-- RECORDS FOR PROCESSING follows --
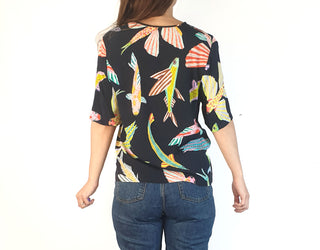 Gorman black-based fish print top size 8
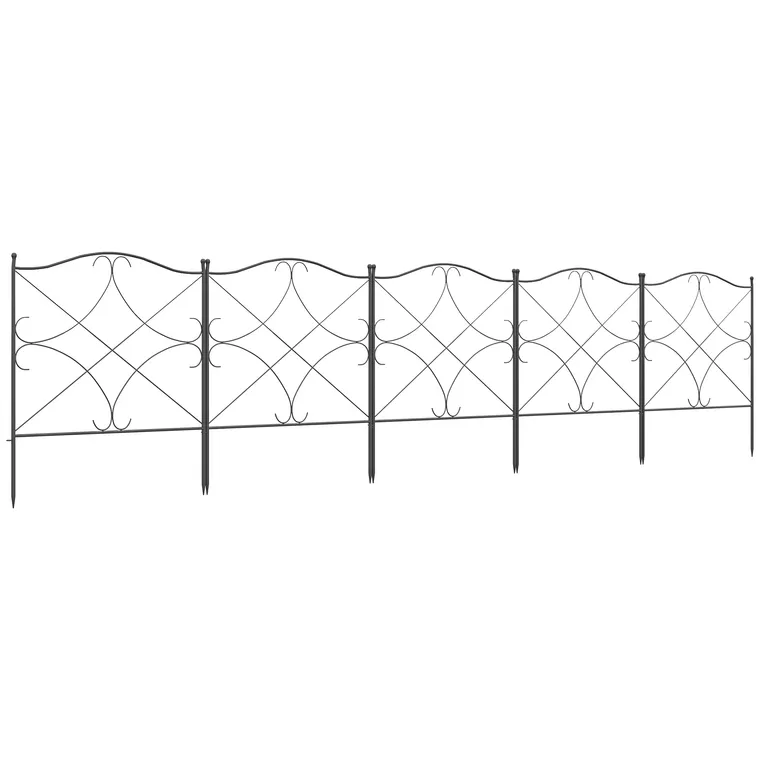 Outsunny Set Gard de Grădină cu 5 Panouri și Stâlpi, Gard Decorativ din Metal, 305x62 cm, Negru | Aosom Romania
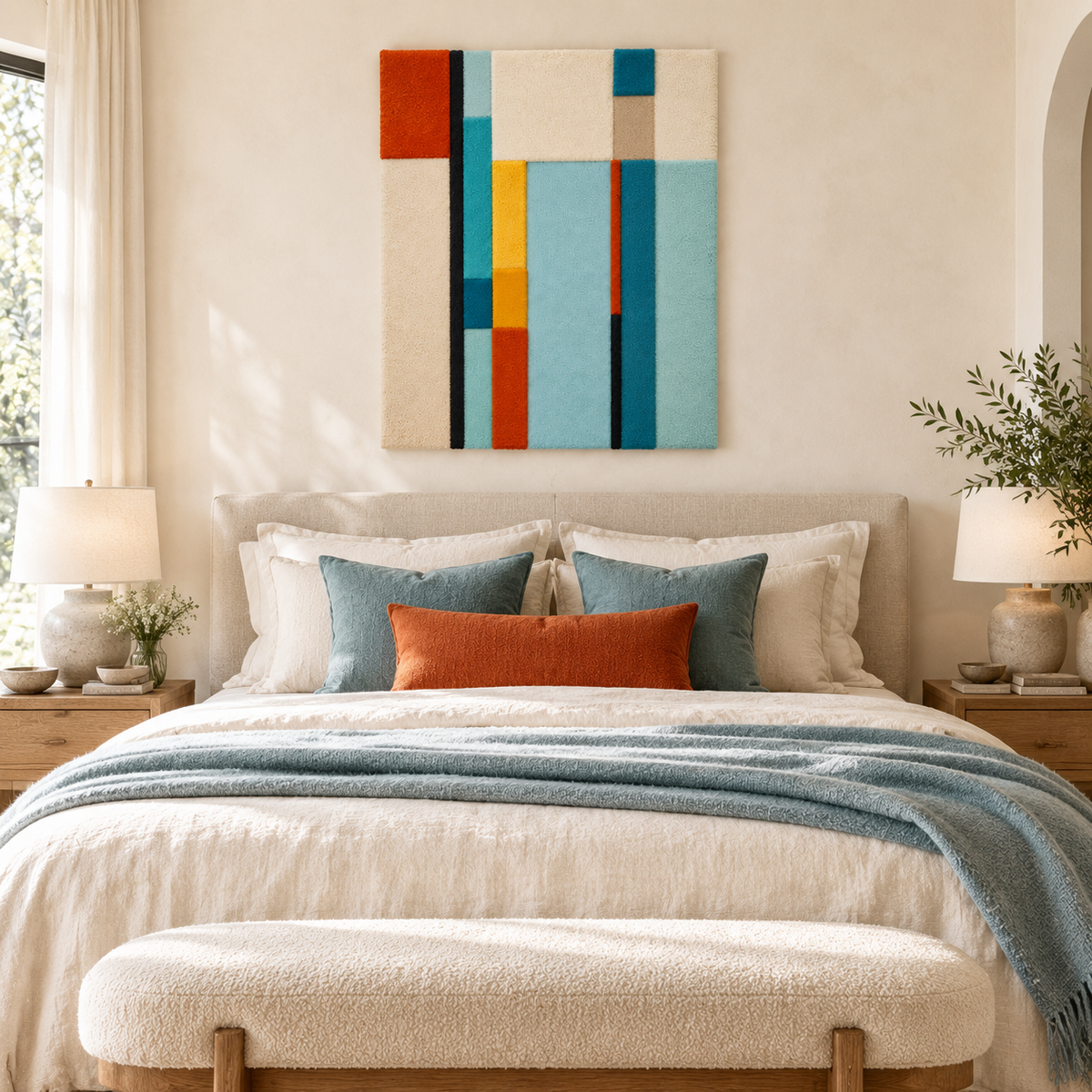 Hewn Earth Cyan Ochre Vertical Ledger wall art with bold cyan and ochre tones, displayed as a room focal point.
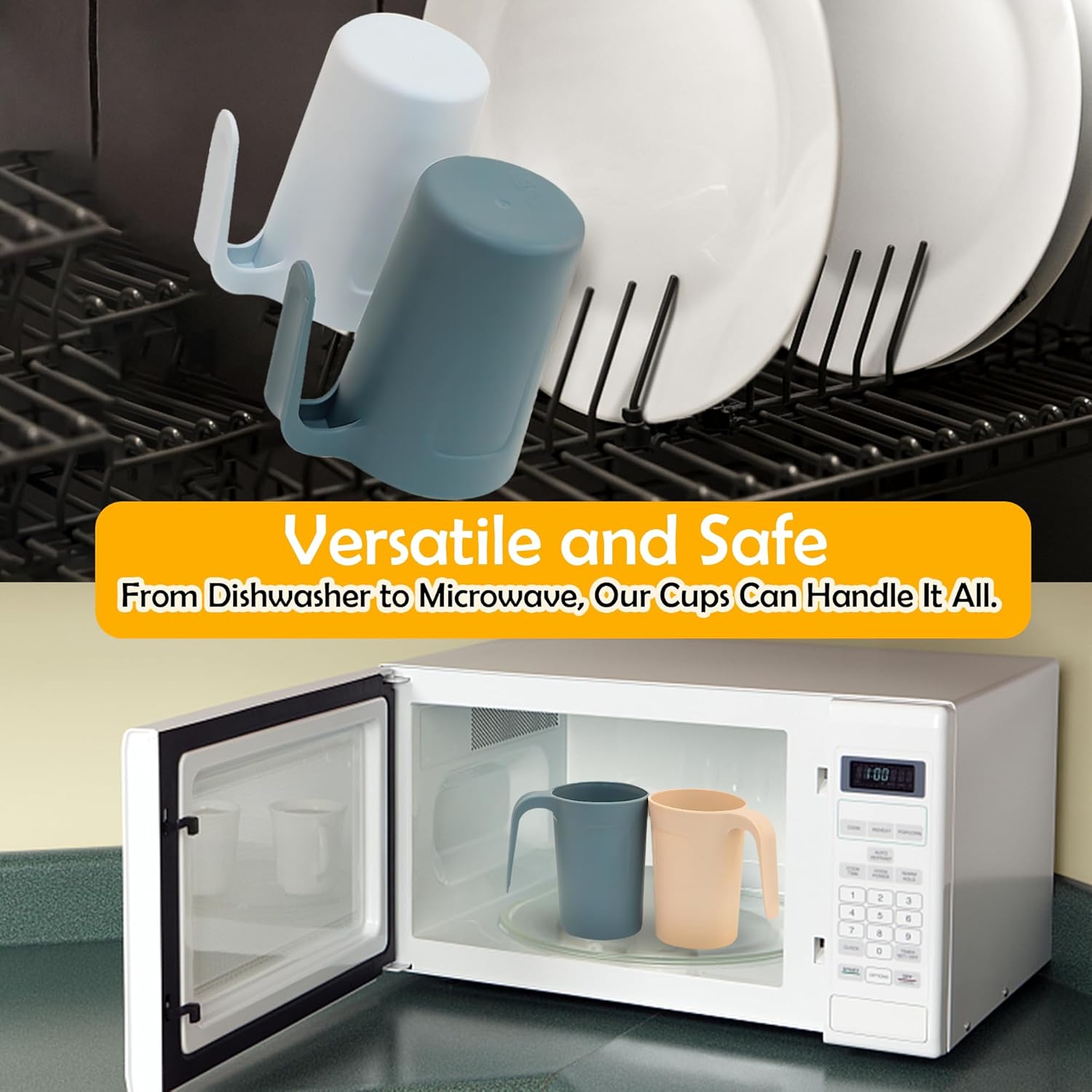 Reusable Plastic Coffee Cups 12 oz for Home Kitchen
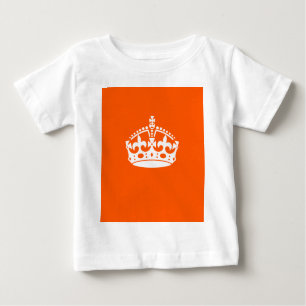 KEEP CALM CROWN Icon on Orange Customise This Baby T-Shirt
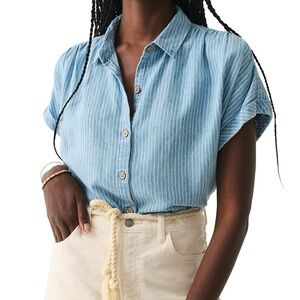 Faherty Breeze Shirt Tried and True Railroad Stripe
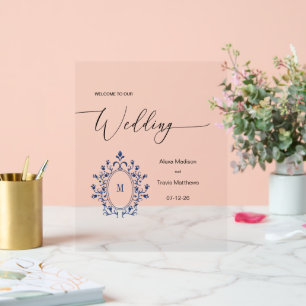 Panneau de mariage personnalisé avec monogramme bl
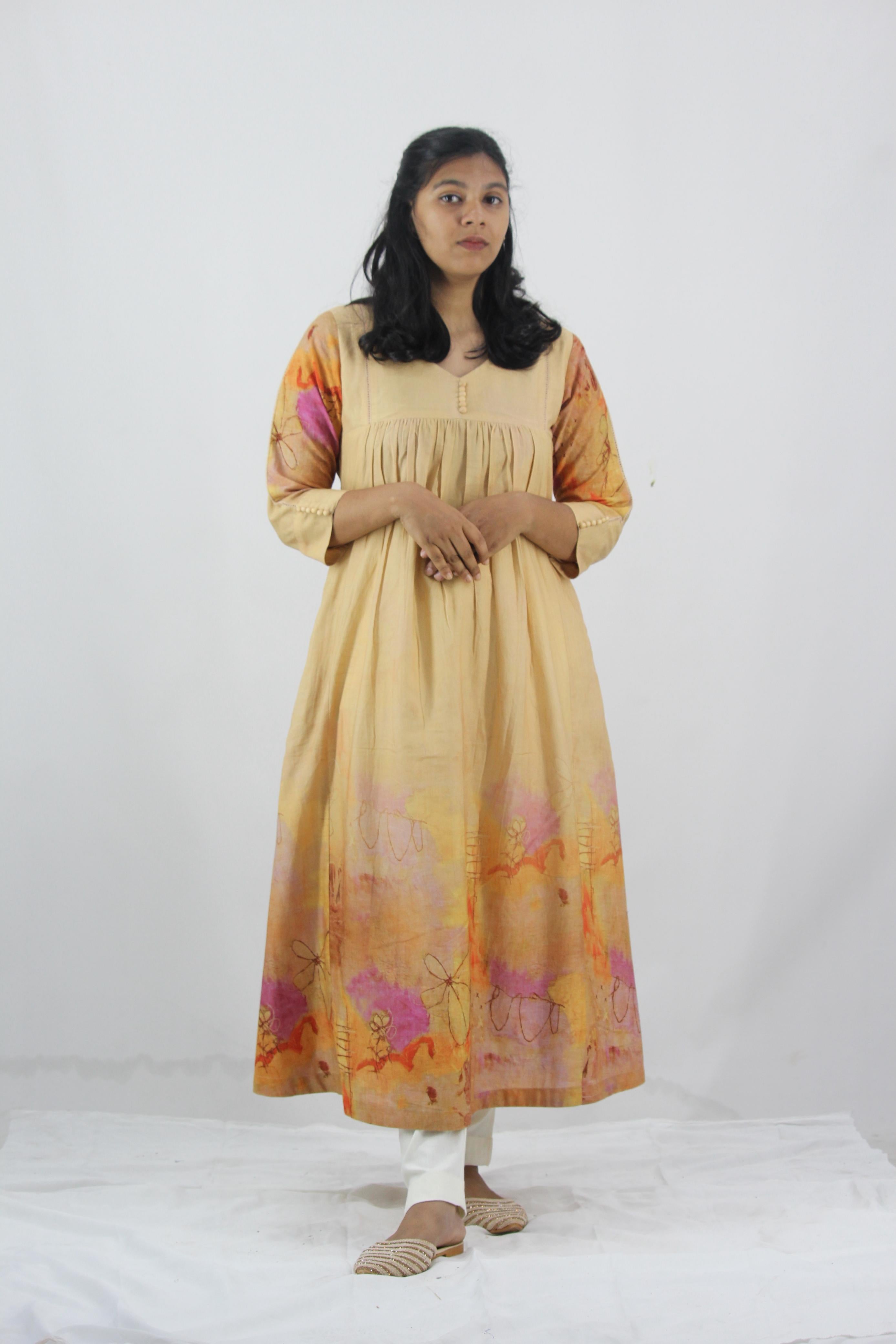 Linen Cotton Daman A-Line Kurta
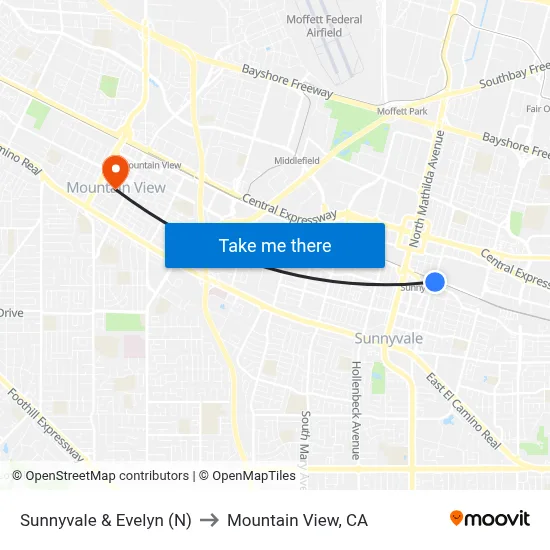 Sunnyvale & Evelyn (N) to Mountain View, CA map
-- RECORDS FOR PROCESSING concluded --
WHAT THE TASK ASKS: Omit the pictures and write out exactly the lines from the one containing "Outsunny Set Gard" through the last line of the material.

SOLUTION:
 Outsunny Set Gard de Grădină cu 5 Panouri și Stâlpi, Gard Decorativ din Metal, 305x62 cm, Negru | Aosom Romania
 Hewn Earth Cyan Ochre Vertical Ledger wall art with bold cyan and ochre tones, displayed as a room focal point.
 Reusable Plastic Coffee Cups 12 oz for Home Kitchen
 KEEP CALM CROWN Icon on Orange Customise This Baby T-Shirt
 Faherty Breeze Shirt Tried and True Railroad Stripe
 Panneau de mariage personnalisé avec monogramme bl
 Linen Cotton Daman A-Line Kurta
 Sunnyvale & Evelyn (N) to Mountain View, CA map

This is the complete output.